Wherever the string "back" appears in the records, return the line that holds it.

_Provided records_.
━━━━━━━━━━━━━━━━
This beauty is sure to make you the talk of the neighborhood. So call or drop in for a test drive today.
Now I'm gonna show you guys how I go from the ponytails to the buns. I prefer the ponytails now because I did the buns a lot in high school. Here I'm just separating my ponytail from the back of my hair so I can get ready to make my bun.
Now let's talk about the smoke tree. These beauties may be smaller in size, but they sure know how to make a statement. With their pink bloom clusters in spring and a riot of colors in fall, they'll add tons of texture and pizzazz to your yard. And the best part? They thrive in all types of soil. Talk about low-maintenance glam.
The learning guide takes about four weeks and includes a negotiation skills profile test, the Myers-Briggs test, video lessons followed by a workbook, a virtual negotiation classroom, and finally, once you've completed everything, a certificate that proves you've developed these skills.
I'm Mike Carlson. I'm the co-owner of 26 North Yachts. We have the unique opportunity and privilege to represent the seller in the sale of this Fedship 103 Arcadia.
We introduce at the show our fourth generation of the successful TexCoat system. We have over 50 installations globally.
━━━━━━━━━━━━━━━━
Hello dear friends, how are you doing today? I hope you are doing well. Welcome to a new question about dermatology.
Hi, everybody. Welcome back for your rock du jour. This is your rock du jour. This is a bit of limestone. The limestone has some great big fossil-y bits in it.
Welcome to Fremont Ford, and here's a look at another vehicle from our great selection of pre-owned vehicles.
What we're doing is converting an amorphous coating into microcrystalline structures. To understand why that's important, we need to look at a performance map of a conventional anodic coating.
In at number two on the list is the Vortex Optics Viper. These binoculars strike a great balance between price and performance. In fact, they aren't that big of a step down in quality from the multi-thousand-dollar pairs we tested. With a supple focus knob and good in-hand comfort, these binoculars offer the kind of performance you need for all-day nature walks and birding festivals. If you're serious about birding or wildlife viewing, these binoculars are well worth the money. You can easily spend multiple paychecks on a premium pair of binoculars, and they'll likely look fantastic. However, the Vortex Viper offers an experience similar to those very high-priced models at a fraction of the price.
━━━━━━━━━━━━━━━━
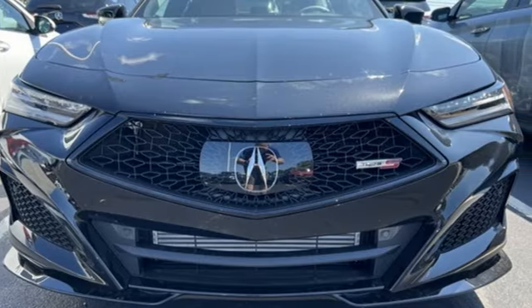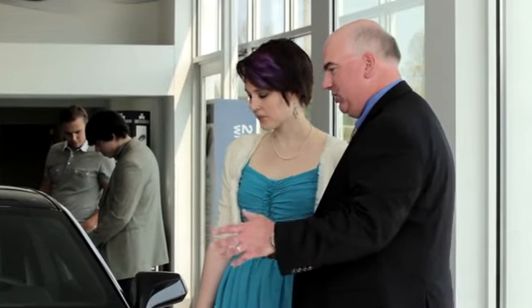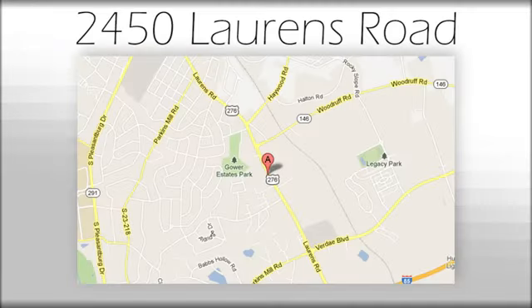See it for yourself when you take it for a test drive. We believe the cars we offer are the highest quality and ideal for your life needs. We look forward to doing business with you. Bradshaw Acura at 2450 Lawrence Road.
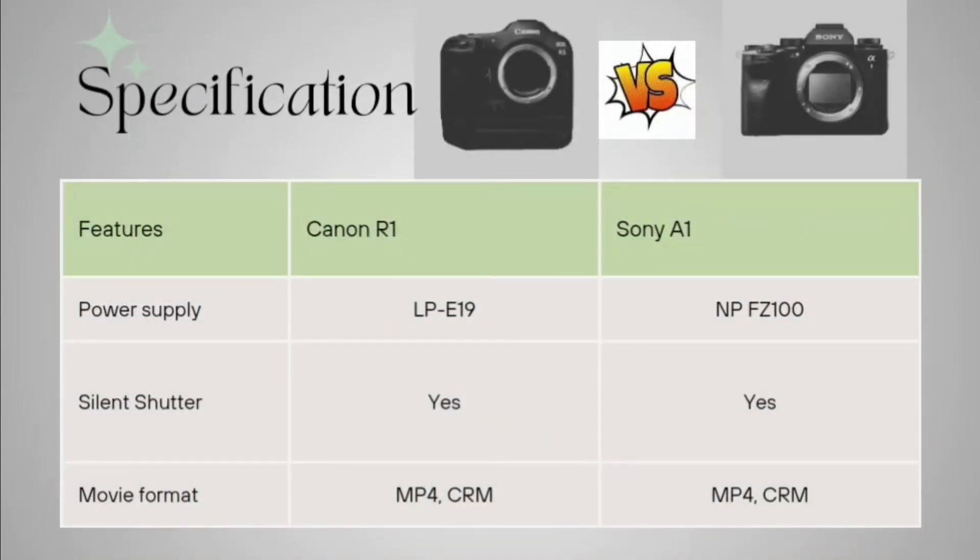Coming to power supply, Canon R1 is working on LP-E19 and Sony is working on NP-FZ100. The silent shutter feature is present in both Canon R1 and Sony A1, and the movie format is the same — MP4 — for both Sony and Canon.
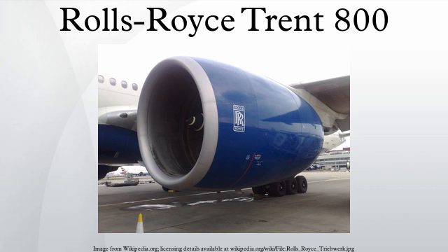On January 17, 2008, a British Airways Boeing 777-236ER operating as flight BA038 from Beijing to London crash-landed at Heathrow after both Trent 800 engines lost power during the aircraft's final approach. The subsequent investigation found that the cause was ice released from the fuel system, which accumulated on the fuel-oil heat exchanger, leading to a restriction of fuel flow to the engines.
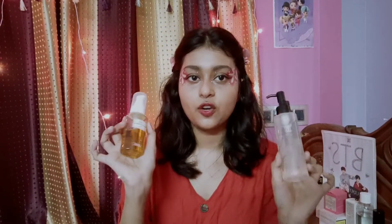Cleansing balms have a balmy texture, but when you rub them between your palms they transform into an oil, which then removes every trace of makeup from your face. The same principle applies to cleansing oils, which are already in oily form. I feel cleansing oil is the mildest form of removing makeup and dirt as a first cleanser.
━━━━━━━━━━━━━━━━
_Answer box_.
Now I'm gonna show you guys how I go from the ponytails to the buns. I prefer the ponytails now because I did the buns a lot in high school. Here I'm just separating my ponytail from the back of my hair so I can get ready to make my bun.
Hi, everybody. Welcome back for your rock du jour. This is your rock du jour. This is a bit of limestone. The limestone has some great big fossil-y bits in it.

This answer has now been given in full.